Brainstorm potential niche markets

So you’re getting a better idea of what a niche is and why you need to target one. The next step is to apply that thinking to your business to improve profits. Who are the specific groups of people who buy or need your product or service? Once you’ve brainstormed a list of ideas, I’ll walk you through the process of researching and eliminating potential niches.

Start by identifying the top 20% of customers (you know, the 20% that represent 80% of your business) and categorize them into specific niches. You want to come up with as many ideas as possible that would fit into your business model. Don’t think about anything else at this point – this exercise is purely for getting ideas down on paper.

Spend more than just an afternoon on this. Give it time to roll around in your brain and for ideas to come to you when you’re not focused on the task. A week is enough time.

Here are some questions you can ask yourself to get the thoughts flowing. This should give you what you need to create a sizeable list of ideas:

  • What does my audience like to do in their spare time?
  • What kind of conversations do I have with my customers?
  • Where do my customers work?
  • How old are my customers? Are they mostly male or female?
  • What problem does my product or service solve?
  • What kind of people make up my existing customer base?
  • What do my customers have in common?
  • What makes browsers different from buyers in my business?
  • What new products or services am I planning to launch?
  • What neighborhood is my business located in?
  • What industry is my business involved in?
  • What questions do my customers ask most often?

Take the top ideas from your list and put them to the test.

From here you want to narrow in on the ideas that have the highest chance of success. Find markets that are the right size – not too big to actually be a niche but large enough to give you a pool of people to market to.

Take your top five ideas, and run Google searches on them. What comes up? Are there many websites created for this group? Run a search on Facebook or on Twitter. Use Google Trends. Try to locate where this community of people hangs out online.
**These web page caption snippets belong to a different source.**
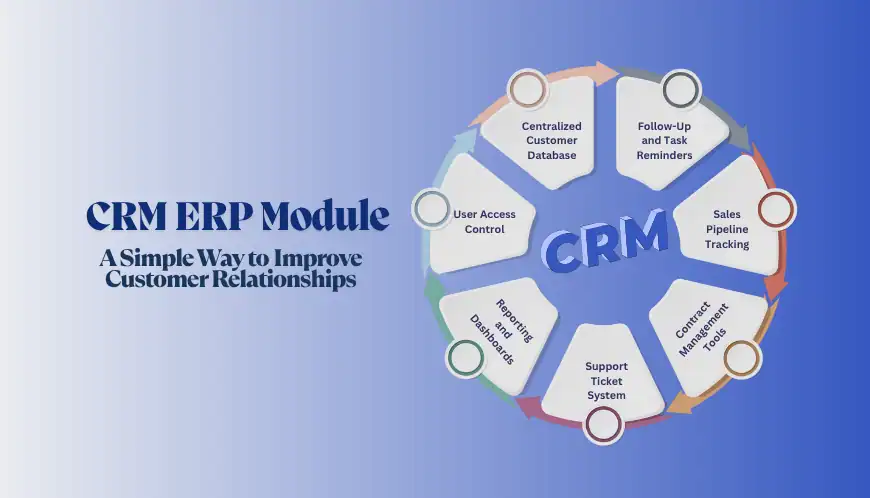 CRM ERP Module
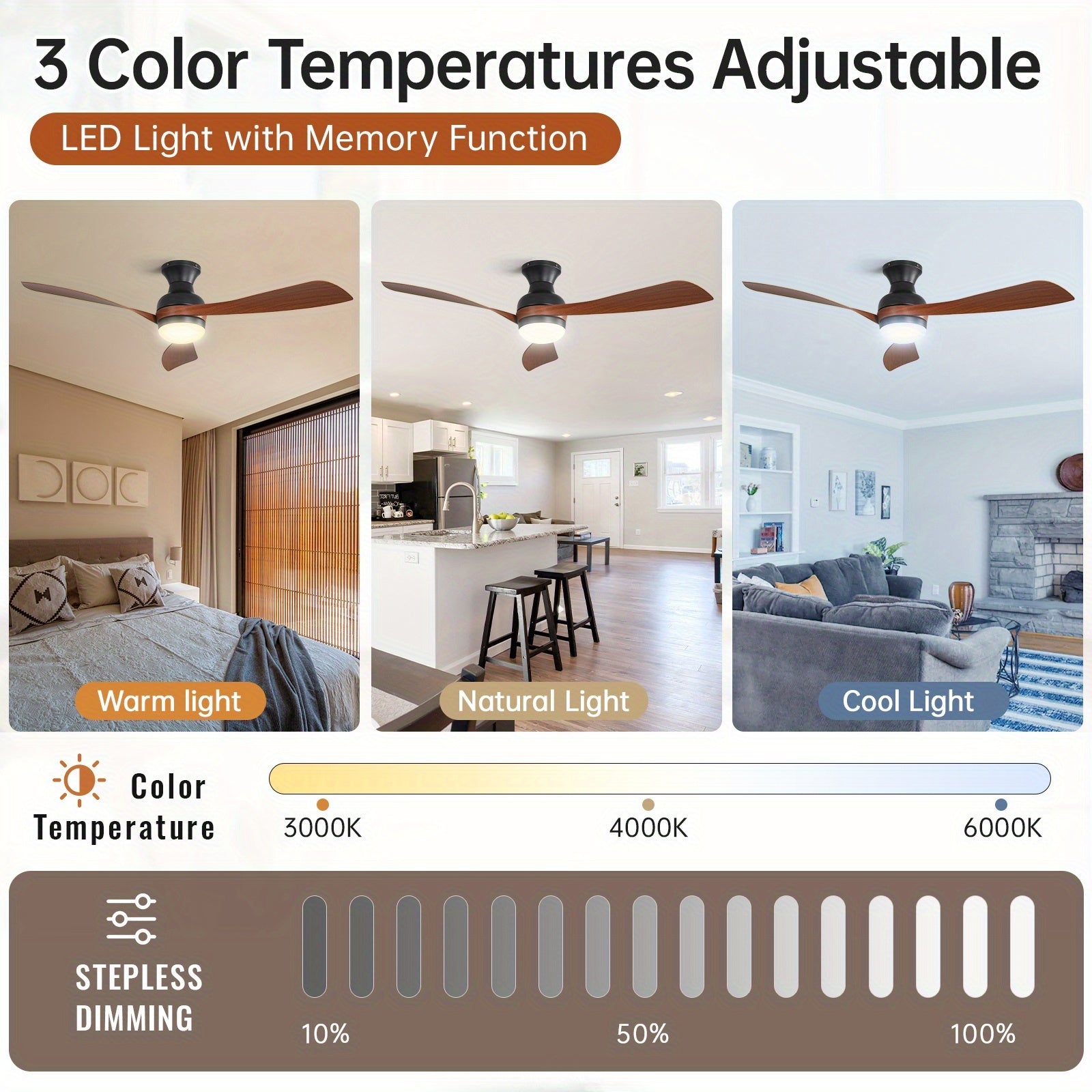 Sofucor 52-Inch 3 Bladed Ceiling Fan with Light And Remote, New Arrival, 5000 CFM, Smart Ceiling Fan with Lights, 6 Wind Speed, 3000K\u002F4000K\u002F6000K Adjustable, DC Motor, Ideal for Bedroom, Living Room, Kitchen etc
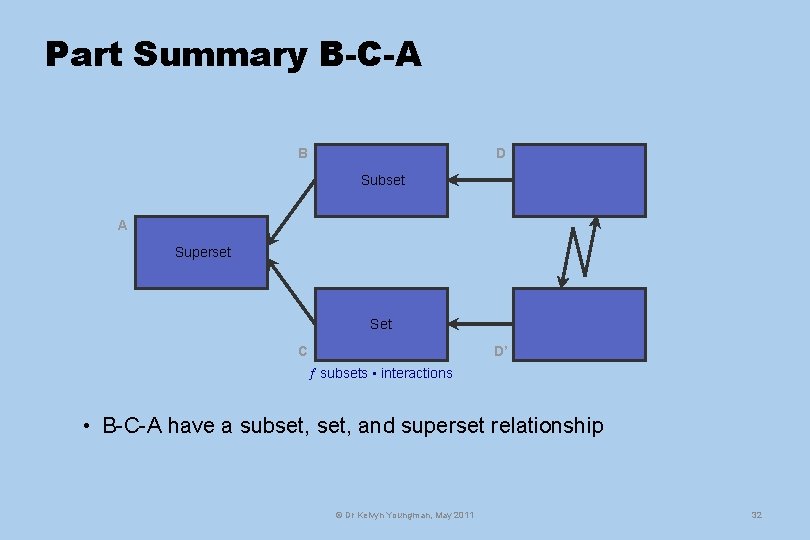 Part Summary B-C-A B D Subset A Superset Set C D’ subsets • interactions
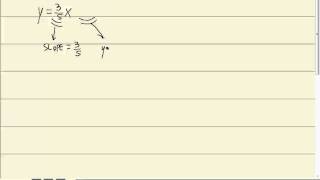 College Algebra Homework - Slope Intercept Form - Graphing - P0063547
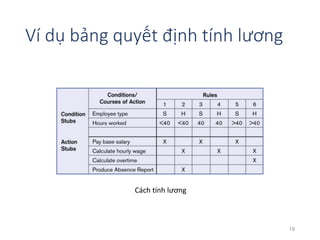 Ví dụ bảng quyết định tính lương 
Cách tính lương 
19 
 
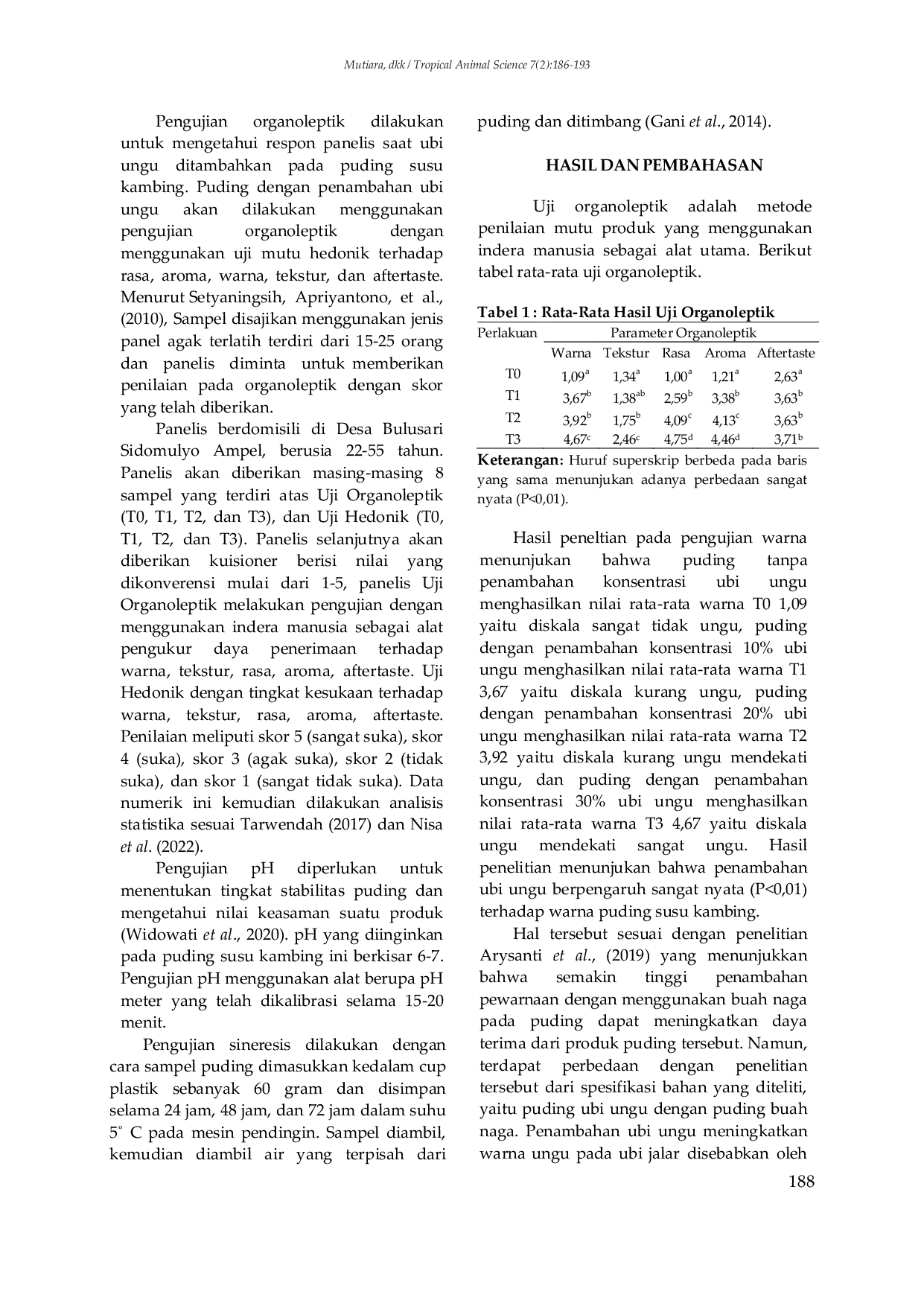 JURIS PENGARUH PENAMBAHAN UBI UNGU Ipomoea batatas l TERHADAP KUALITAS SENSORIK pH DAN SINERESIS PADA PUDING SUSU KAMBING ETAWA EFFECT OF ADDING PURPLE POTATO Ipomoea batatas l ON SENSORY QUALITY pH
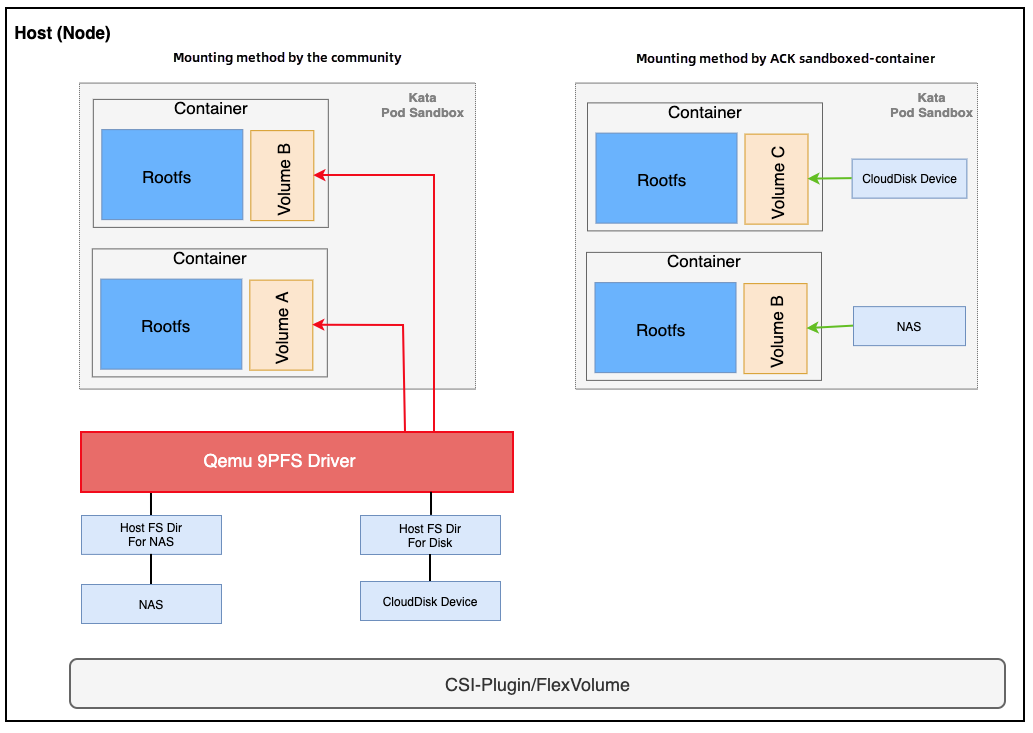 Solutions for mounting NAS file systems to containers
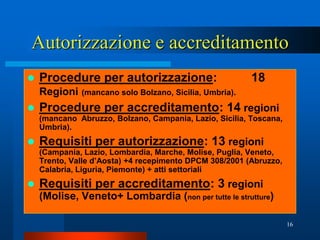 Autorizzazione e accreditamento
   Procedure per autorizzazione:                        18
    Regioni   (mancano solo Bolzano, Sicilia, Umbria).

   Procedure per accreditamento: 14 regioni
    (mancano Abruzzo, Bolzano, Campania, Lazio, Sicilia, Toscana,
    Umbria).
   Requisiti per autorizzazione: 13 regioni
    (Campania, Lazio, Lombardia, Marche, Molise, Puglia, Veneto,
    Trento, Valle d’Aosta) +4 recepimento DPCM 308/2001 (Abruzzo,
    Calabria, Liguria, Piemonte) + atti settoriali
   Requisiti per accreditamento: 3 regioni
    (Molise, Veneto+ Lombardia (non per tutte le strutture)

                                                                    16
 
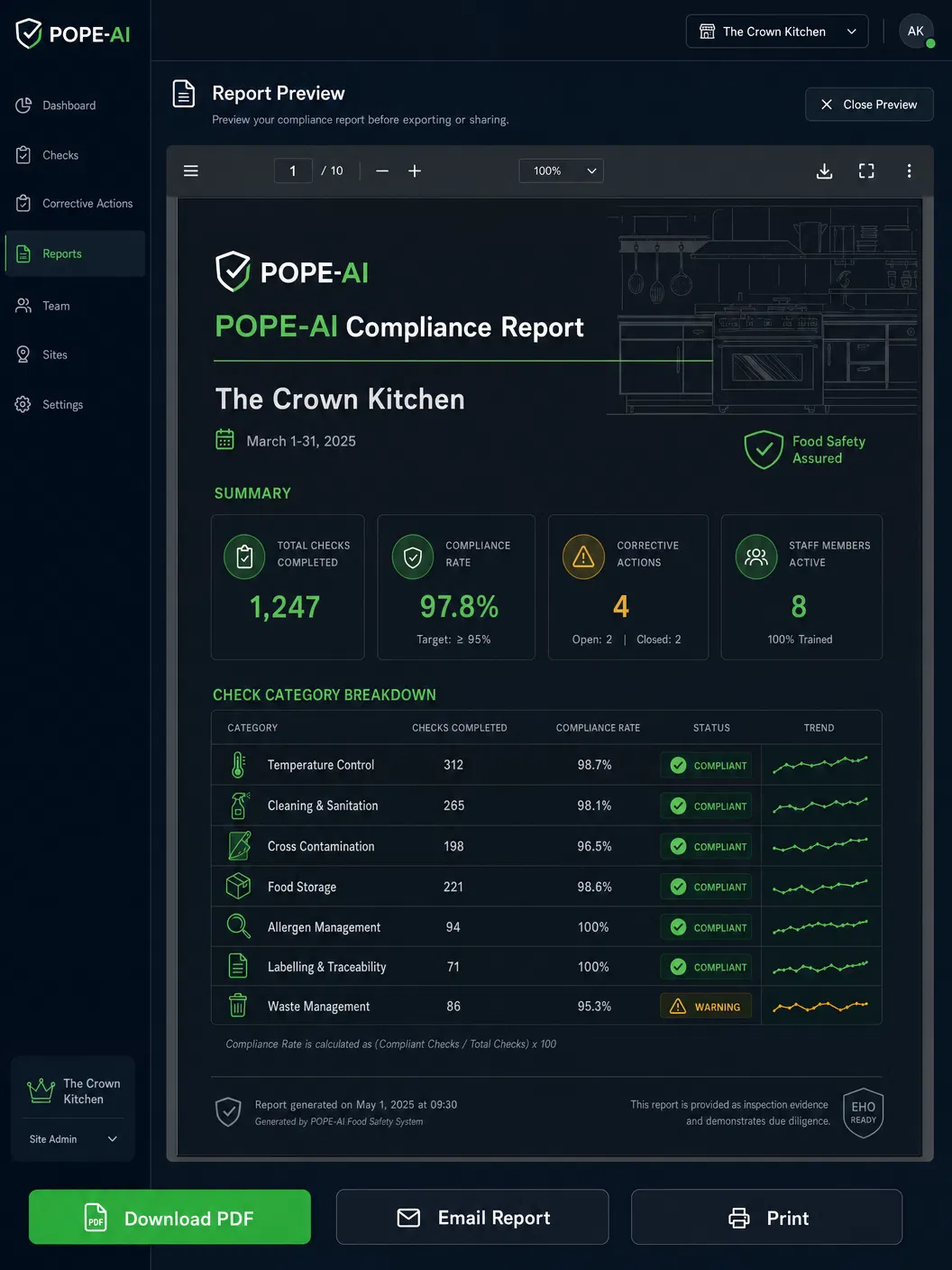POPE-AI compliance report prepared for food safety inspection.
Lastly, use the Google Keyword Research tool to assess keyword search volumes. Take the top five phrases you believe (or know) your customers use to find you online, and look them up using the tool. Compare actual search volumes – are they high? Low? How many people search for these terms each month? Search terms with high popularity may be good choices, but they also may indicate that your niche is too broad.

Select an online niche to target

Based on your research, narrow down your options and choose a niche to target. The niche should be sizeable enough to sustain your business, but small enough to actually be a niche market.

There’s no scientific way to be certain about your choice of niche – do the best research you can (using the guide above), use that to make a decision, and then stay on top of the results. If you have low traffic volumes or low response rates, you may be barking up the wrong tree. Try another one. You could also select your top two, work two different marketing campaigns, and compare which delivered the best results. Test and measure.